CARSON CITY -- Unable to quickly locate sure sources of funds to reduce an estimated $887 million revenue shortfall, Nevada legislators opened the floodgates Thursday to new and unusual ideas that could generate more revenue.
Senate Majority Leader Bill Raggio said the state could secure $250 million by leasing many of its buildings, other than the state Capitol, to private companies. The state would pay rent and other fees to investors for a 20-year period, then reassume ownership of the buildings.
Arizona secured $735 million through a similar plan, and California hopes to gain $2 billion, according to Raggio, R-Reno, who said he got the lease idea from GOP gubernatorial candidate Brian Sandoval.
Assembly Speaker Barbara Buckley, D-Las Vegas, proposed that the state's home foreclosure mediation program be expanded to include small businesses and a $500 fee assessed on financial institutions when they file a foreclosure notice.
Thursday's hearing before the Legislature's Interim Finance Committee included little discussion of these two revenue enhancement ideas, and no discussion at all of spending cuts that will be needed by the state to survive the economic downturn.
Despite legislators' hopes, and with a special session of the Legislature just five days away, the day saw no breakthroughs in negotiations with businesses, including casinos and mining companies, to voluntarily pay higher taxes and fees to help the state out of its bind.
Business representatives said Wednesday that they're willing to pitch in, but that the amounts sought by legislators -- $200 million from businesses and casinos and $100 million from mining -- was just too much.
One indication of the intensity of the situation, and the inability of legislators to find new revenue, was reflected by the announcement that the committee's final pre-session meeting Monday that had been planned to start at 9 a.m. won't begin until 3 p.m.
Raggio said his leasing proposal might be considered "off the wall" to some, but it is a plan that many states soon will look at since it raises money without increasing taxes.
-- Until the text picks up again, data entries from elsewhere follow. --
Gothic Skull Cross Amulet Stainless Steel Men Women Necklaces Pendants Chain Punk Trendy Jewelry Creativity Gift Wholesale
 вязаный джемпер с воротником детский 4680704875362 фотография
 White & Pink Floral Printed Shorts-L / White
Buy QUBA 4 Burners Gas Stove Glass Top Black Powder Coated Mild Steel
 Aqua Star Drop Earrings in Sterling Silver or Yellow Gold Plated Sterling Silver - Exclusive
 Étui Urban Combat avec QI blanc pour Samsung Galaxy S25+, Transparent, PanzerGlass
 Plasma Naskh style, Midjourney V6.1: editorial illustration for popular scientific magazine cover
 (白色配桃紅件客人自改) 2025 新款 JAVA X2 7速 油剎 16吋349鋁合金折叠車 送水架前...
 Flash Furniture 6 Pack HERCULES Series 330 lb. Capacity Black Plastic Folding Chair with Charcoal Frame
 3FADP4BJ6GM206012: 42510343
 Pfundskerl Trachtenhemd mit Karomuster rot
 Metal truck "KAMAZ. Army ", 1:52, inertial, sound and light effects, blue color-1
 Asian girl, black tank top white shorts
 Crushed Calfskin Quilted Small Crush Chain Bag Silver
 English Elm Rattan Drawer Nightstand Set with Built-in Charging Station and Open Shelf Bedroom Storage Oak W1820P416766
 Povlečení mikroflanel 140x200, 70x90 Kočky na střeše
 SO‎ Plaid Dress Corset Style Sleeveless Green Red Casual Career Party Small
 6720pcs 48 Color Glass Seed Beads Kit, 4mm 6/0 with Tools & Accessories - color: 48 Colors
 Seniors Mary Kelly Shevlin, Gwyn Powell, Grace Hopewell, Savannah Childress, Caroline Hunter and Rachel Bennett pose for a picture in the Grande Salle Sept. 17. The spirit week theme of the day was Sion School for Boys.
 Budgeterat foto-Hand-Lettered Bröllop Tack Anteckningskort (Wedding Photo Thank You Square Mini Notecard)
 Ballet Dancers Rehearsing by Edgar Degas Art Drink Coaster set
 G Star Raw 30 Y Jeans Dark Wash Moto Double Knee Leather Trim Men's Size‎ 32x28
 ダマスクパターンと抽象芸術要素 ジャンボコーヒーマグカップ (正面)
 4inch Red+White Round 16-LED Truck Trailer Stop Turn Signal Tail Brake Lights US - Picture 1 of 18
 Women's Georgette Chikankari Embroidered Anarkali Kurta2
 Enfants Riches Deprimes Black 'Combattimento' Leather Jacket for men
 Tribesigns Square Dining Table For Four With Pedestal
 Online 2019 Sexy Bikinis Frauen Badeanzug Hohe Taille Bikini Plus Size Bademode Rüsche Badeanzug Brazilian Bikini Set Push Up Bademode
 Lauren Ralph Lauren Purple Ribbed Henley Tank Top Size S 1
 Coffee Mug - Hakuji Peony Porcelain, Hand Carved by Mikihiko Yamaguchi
He said about $300 million of the proposed cuts Gov. Jim Gibbons wants to make to cover the shortfall are just "too ugly" and these times call for unusual action.
"Without having more analysis, I couldn't commit one way or another, but it should be definitely considered," said Senate Majority Leader Steven Horsford.
"This what this forum is for," Horsford said. "We need to bring options that none of us knew were liable."
Buckley requested that the state prepare a cost-benefit analysis on the lease plan, adding the rental payments might make it cost-prohibitive.
She also suggested the state launch a new tax amnesty program, noting that the last one in 2008 netted $41 million.
Also Thursday, state Taxation Department and Insurance Division executives questioned whether hiring new auditors would lead to the recovery of hundreds of millions of dollars in uncollected taxes as anticipated by legislative proposals.
Taxation Director Dino DiCianno said some of the uncollected taxes go back 20 years and the companies might no longer exist. In other cases, companies are in bankruptcy.
Scott Kipper, the Insurance Division administrator, said Gibbons proposes he hire a couple of new auditors, but they probably will collect just $5 million in overdue insurance premium taxes.
DiCianno said the companies that owe taxes have legal rights to argue their bills in court, and the state could lose.
"There is no guarantee more revenue can be generated by more auditors," he said.
Although no agreement with mining on new revenues was reached Thursday, Nevada Mining Association representative Pete Ernaut said there's still time.
"We are free the next four or five days to negotiate," Ernaut said.
Buckley said a petition from the Progressive Leadership Alliance of Nevada to put higher mining taxes on a statewide ballot should give the industry incentive to pay more now to help the state.
"When people see folks working together as a community, they are less likely to take strident action," Buckley said.
The petition, which the Nevada Mining Association has filed suit in state court to block, is expected to be popular with voters if it does make its way to the ballot.
In such an event, Buckley said it behooves the industry to have a positive image with voters.
"With mining you have an initiative petition pending, and if people see an industry stepping up to be part of the solution, they will consider that before they vote to put taxes on the ballot," she said.
Horsford was optimistic. "We expect mining and other private-sector industries will be part of the overall solution to balance this budget," he said.
Initially pegged at $881 million, the estimated shortfall was reduced last week to $871 million by state analysts based on loan interest savings, but was increased this week to $887 million because of a new report showing a continued decline in gaming tax receipts.